▸ Requirement:
Nothing but the pictures should be dropped; repeat the rest of the data below exactly.
***
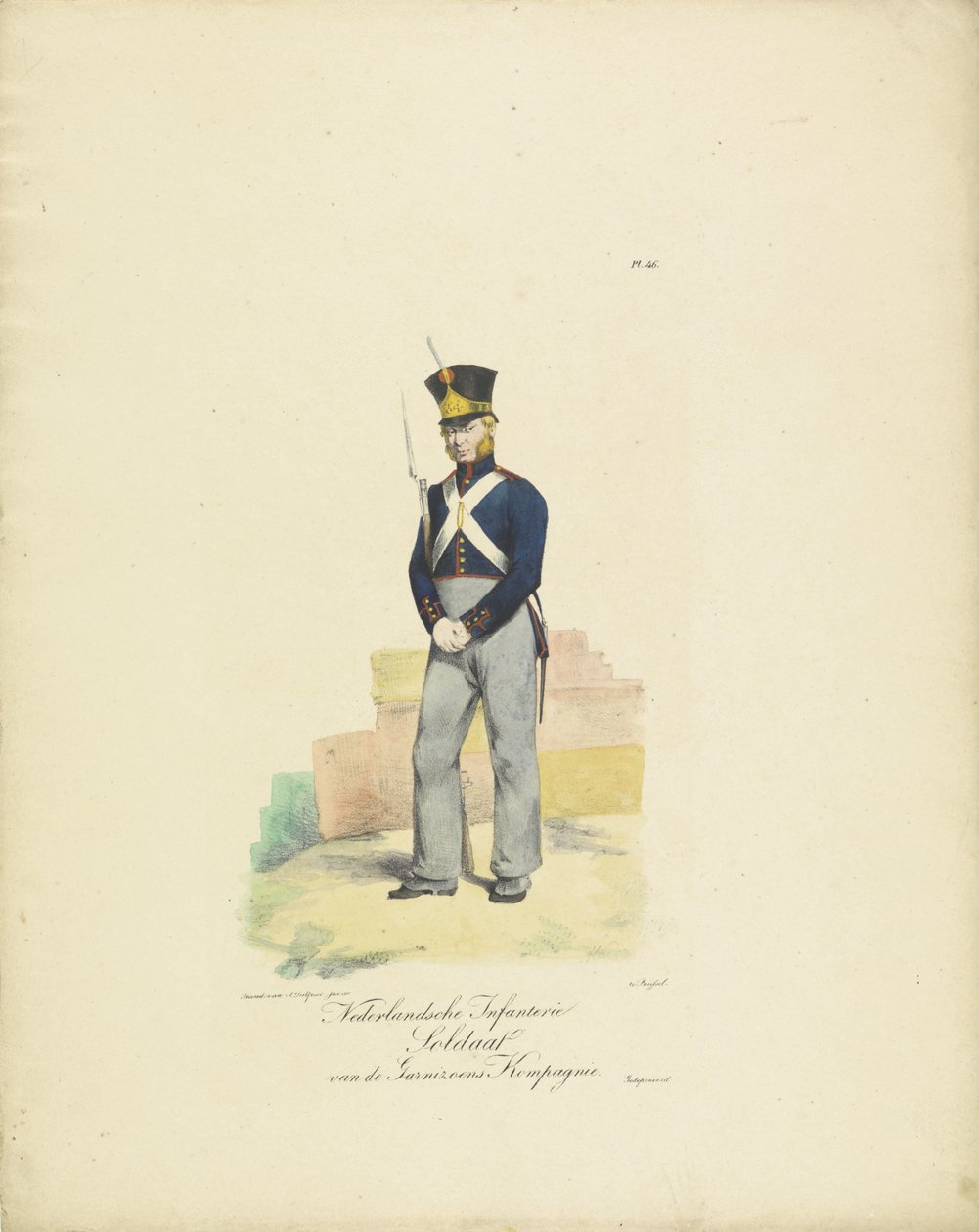 سرية حامية الجندي ، ١٨٢٠-١٨٢٥ جندي المشاة الهولندي في Garrison Kompagnie (العنوان على الكائن) الأزياء العسكرية لمملكة هولندا. إهداء لسعادة ويليم فان بيلاندت (عنوان المسلسل على الكائن) بواسطة جان بابتيست مادو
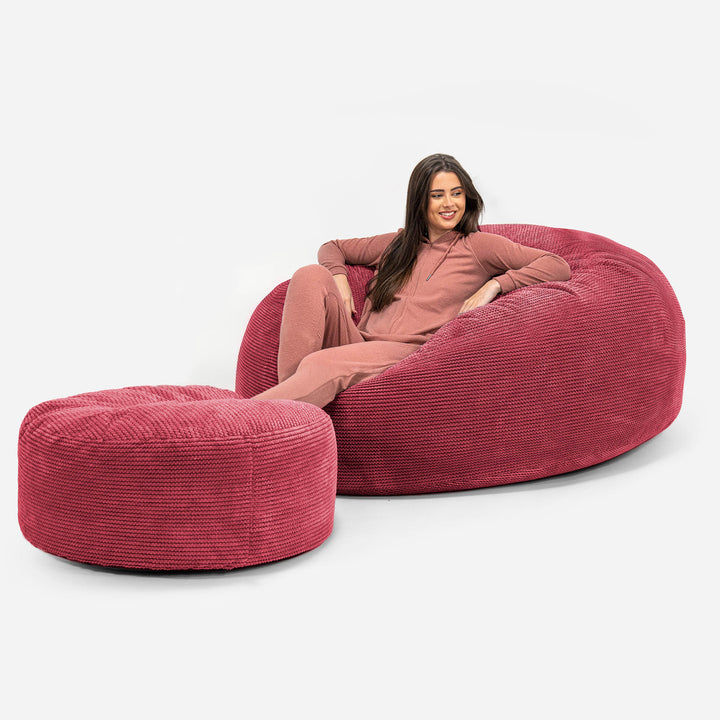 Mega-Mammoth Sofa Sitzsack XXL - Pom-Pom Pastellrot 02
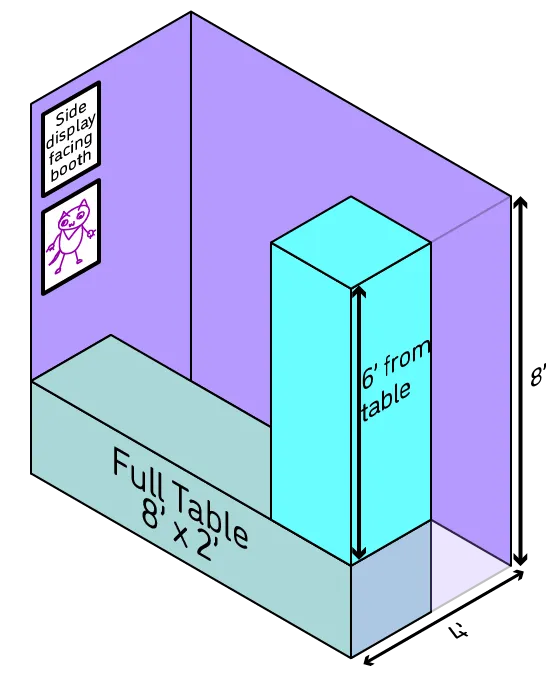 Isometric booth display diagram depicting that displays cannot be more than 8 ft high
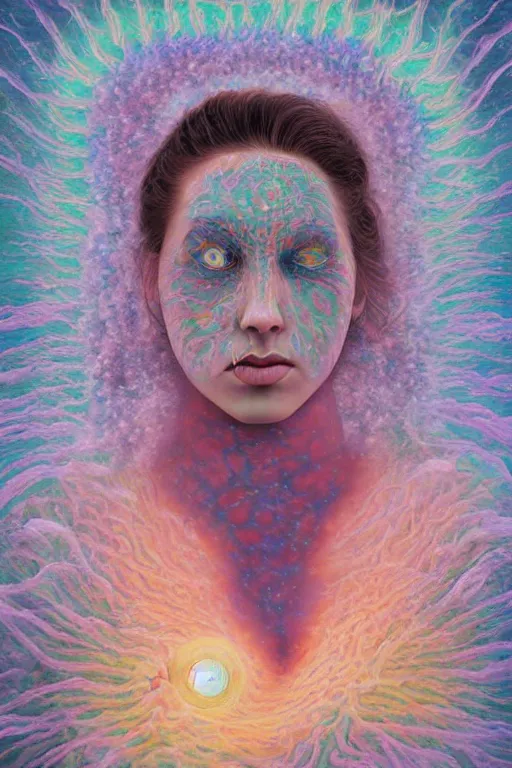 Prompt: acid tripping midsommer girl third eye open, chakra energy waves resonating from her body, ethereal aura, epic surrealism 8k oil painting, portrait, perspective, high definition, post modernist layering, by Sean Yoro, Gerald Brom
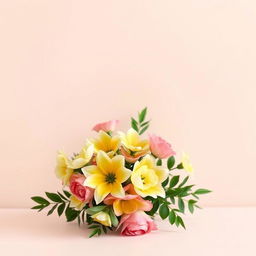 A minimalistic and elegant design featuring a plain, soft pastel background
***
▸ Problem solution:
 سرية حامية الجندي ، ١٨٢٠-١٨٢٥ جندي المشاة الهولندي في Garrison Kompagnie (العنوان على الكائن) الأزياء العسكرية لمملكة هولندا. إهداء لسعادة ويليم فان بيلاندت (عنوان المسلسل على الكائن) بواسطة جان بابتيست مادو
 Mega-Mammoth Sofa Sitzsack XXL - Pom-Pom Pastellrot 02
 Isometric booth display diagram depicting that displays cannot be more than 8 ft high
 Prompt: acid tripping midsommer girl third eye open, chakra energy waves resonating from her body, ethereal aura, epic surrealism 8k oil painting, portrait, perspective, high definition, post modernist layering, by Sean Yoro, Gerald Brom
 A minimalistic and elegant design featuring a plain, soft pastel background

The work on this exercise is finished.